Even though the risk of flap-related problems are touted as low, they are a real and present fear. As TransPRK is fully surface-based and does not cut a cornea flap, there is ZERO RISK of flap-related complications.

2. True Surface-Based Procedure (Hence Minimally-Invasive & Less Weakening Of The Cornea)

As TransPRK is surface-based and minimally-invasive, there is relatively less cornea weakening as the resulting cornea bed will be thicker. Cornea strength is better preserved, as compared to LASIK, which wastes cornea tissue to create a flap. Thus, the feared medical complications of keratectasia (a condition of progressive thinning of the cornea with time) is better kept at bay.

In TransPRK, about 55 um of surface epithelial cells are removed by the laser followed by cornea stroma tissue sculpting to correct the eye power.
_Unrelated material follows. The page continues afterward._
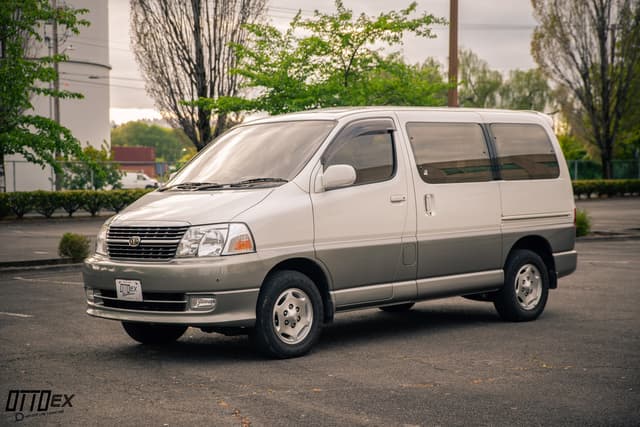 2001 Toyota Granvia JDM car for sale — photo 5 of 25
These surface epithelial cells will grow back fully after 5 days.

In LASIK, a cornea flap is first cut. This flap can be anywhere from 110 to 160 μm thick i.e. up to 30% of the cornea thickness. Cornea stroma tissue sculpting then takes place. Once cut, the cornea flap never fully heals.

3. All-Laser, No-Touch

TransPRK is an all-laser procedure performed using a single excimer laser (Schwind Amaris 1050RS). There are no surgical devices applied onto the eyeball, unlike the suction ring clamps used in LASIK & ReLEx SMILE. Thus, there is no fear of a major surgical complication from loss of suction ring clamp pressure.
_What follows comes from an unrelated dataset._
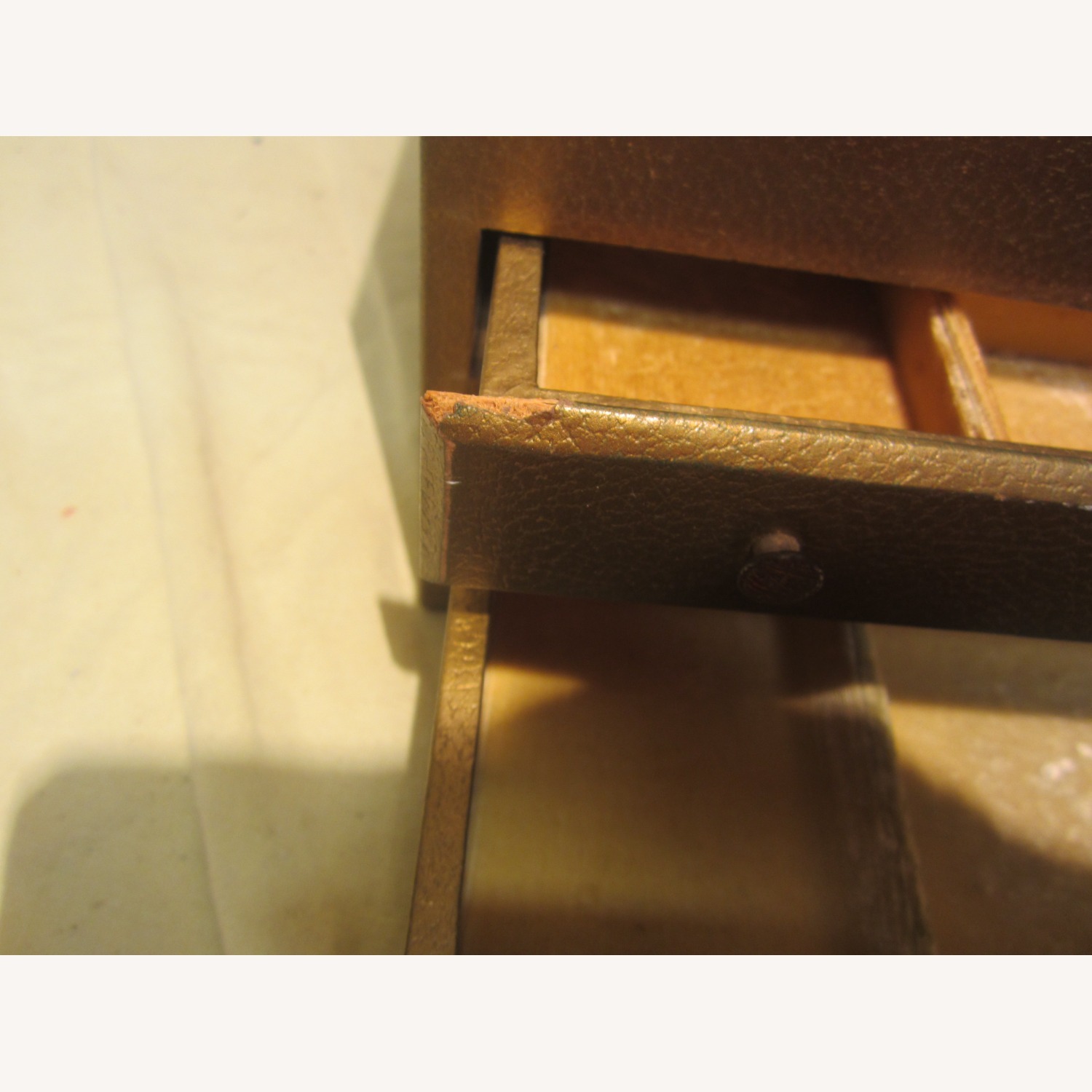 Vintage Jewelry Box - image-6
4. One-Step Procedure – Simple & Fast

TransPRK requires the shortest treatment time among the different laser vision correction procedure, requiring only about 3 to 5 minutes per eye from start to finish. The actual laser sculpting time is from 10
to 50 seconds per eye only, depending on the eye power to be corrected. This greatly enhances the patients’ comfort and reduces the fear of
the procedure

Actual laser sculpting time:
10 to 50 secs per eye

Total procedure time:
3 to 5 mins per eye

Orbscan & Sirius are two high-tech instruments used by eye doctors to measure wavefront errors and map out the topographical features of the cornea.
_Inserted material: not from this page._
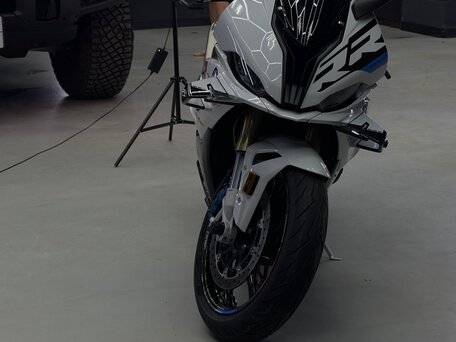 2023 BMW S 1000 RR, белый, 2100000 рублей, вид 2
5. Allow True Customised & Wavefront Correction

Advancements in Laser Vision Correction (LVC) now allow customized correction of wavefront and topographical refractive errors. Advanced Surface Ablation (ASA) procedures such as TransPRK can perform true corrections, unlike LASIK where new wavefront and topographical errors are introduced from the cut cornea flap. ReLEx SMILE is unable to perform customized wavefront or topographical corrections.

6. Reduced Risk Of Permanent Dry Eyes

Cornea flap based surgery, in particular LASIK, is associated with dry eye that can be prolonged and permanent in some cases. As no cutting of cornea
nerve endings take place in TransPRK, there will be reduced complaint of dry eyes.

7. Suitable for More Eyes

There is hope yet for those who have been rejected from LASIK or ReLEx SMILE because of dry eye, high myopia and/or thin cornea problems! As laser sculpting begins right at the surface in TransPRK, candidates who have been previously rejected can now have hope.

8. Suitable For The Active Sports
Person Or Military Personnels

With TransPRK, there is no longer the need to fear dislodgement injury when participating in active sports or military duties because there is no cut cornea flap to worry about. Go about your rugged sports, be it rugby or boxing with absolute freedom!

9. Prepare For The Future

With TransPRK, less cornea tissue is wasted because there is no cut flap. The precious cornea tissue saved can useful to allow for future procedures, e.g. secondary enhancements and presbyopia
correction as our eyes age.

10. Longest Track Record (Since 1992)

Advanced Surface Ablation (ASA) has come a long way since the days of early PRK in 1992. TransPRK is the surface laser vision correction for the new generation. With advances in laser technology, intra-operative and post-op care medications and avoidance of sunlight exposure in the early post-operative care period; excellent results are now achievable with ASA.